The most recent Amazon review for EIGHTBALL BOOGIE runs like this:
“Attempt at slick writing in the style of Mickey Spillane, doesn’t quite pull it off. Hope to see more sophisticated, streamlined writing in future. Shows promise but local research insufficient for subject matter.” (three stars) – Frances Heneghan
  10 things about that:
  1. I hadn’t read a single Mickey Spillane novel before writing EIGHTBALL, and I’ve only read two since, the second to confirm that my dislike of Mickey Spillane’s writing wasn’t a knee-jerk reaction.
  2. I too hope to see ‘more sophisticated, streamlined writing’ from myself in the future, providing a particular story requires it. If the story demands a more rough ‘n’ tumble approach, then that’s what it’ll get.
  3. The ‘local research’ for EIGHTBALL entailed living in the place where it’s set for over two decades. Maybe I should have spent three.
  4. Three stars feels about right for a debut novel that throws the proverbial kitchen sink at a Ray Chandler homage. On my bad days, of which there are many, this being one, three stars feels like it errs on the generous side.
  5. On my good days, of course, I wouldn’t care what anyone thinks about EIGHTBALL, positive or negative, because I’d be (a) writing something new or (b) basking in the glow of having written something new.
  6. Unfortunately, not caring is not a good thing, because every writer worth his or her salt writes for readers, hoping to fire their imaginations, emotions, reactions. Which makes writing a psychological high-wire act of sorts: you do care about what readers think of your stories, but you can’t afford to care too much or otherwise you’ll lose your balance and topple off. And there’s no safety net.
  7. This is a very odd and potentially destabilising way to live your life.
  8. Still, on a cold and blustery day like today, it beats shovelling wet cement on a building site.
  9. Or does it?
  10. God bless you, Frances Heneghan, for caring enough about books and reading to post a review to Amazon.

Thursday, July 19, 2012

Ya Wanna Do It Here Or Down The Station, Punk?”: Robert Pobi

Yep, it’s rubber-hose time, folks: a rapid-fire Q&A for those shifty-looking usual suspects ...
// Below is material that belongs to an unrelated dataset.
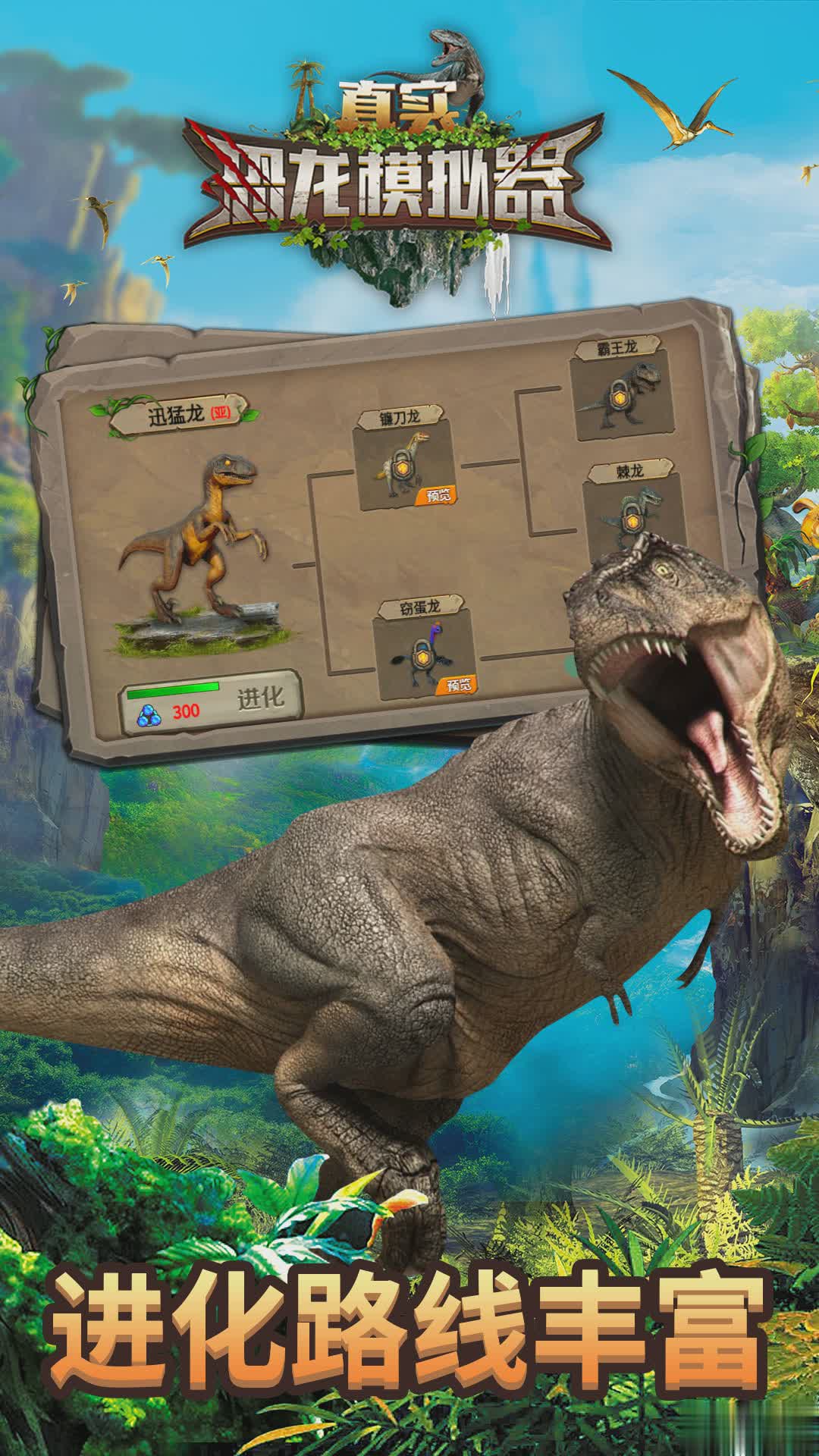 真实恐龙模拟器正版游戏截图2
What crime novel would you most like to have written?
Can’t do just one. In chronological order: I, THE JURY by Mickey Spillane; THE TAKING OF PELHAM ONE TWO THREE by John Godey; and the big bad (obvious) voodoo daddy of them all - RED DRAGON by Thomas Harris.

What fictional character would you most like to have been?
First choice? Keyser Söze. Second choice? Noah - any guy who can keep dinosaurs and kitty cats happy on a boat for forty days is all right by me.

Who do you read for guilty pleasure?
Robert Ludlum, Clive Cussler, and Robert E. Howard – and please keep this between us.

Most satisfying writing moment?
When, years after rejecting my application based on composition marks, a certain unnamed university asked me to come in for a book signing.

The best Irish crime novel is …?
Being the child of expats may disqualify him on technical grounds, but I’d put Dennis Lehane’s GONE, BABY, GONE in the ring with anything out there. Period.

What Irish crime novel would make a great movie?
I’d love to see someone tackle BLUES HIGHWAY BLUES by Eyre Price – he’s Irish American but I won’t split hairs on this one. THE GUARDS by Ken Bruen is runner-up.

Worst / best thing about being a writer?
The worst thing: Trying to explain a process I don’t really understand. The best thing: Three in the morning when there’s nothing in the world but me, the keyboard, a cup of coffee, and the work won’t stop coming out of my head.

The pitch for your next book is …?
… up to my agent; I’m terrible at pitches.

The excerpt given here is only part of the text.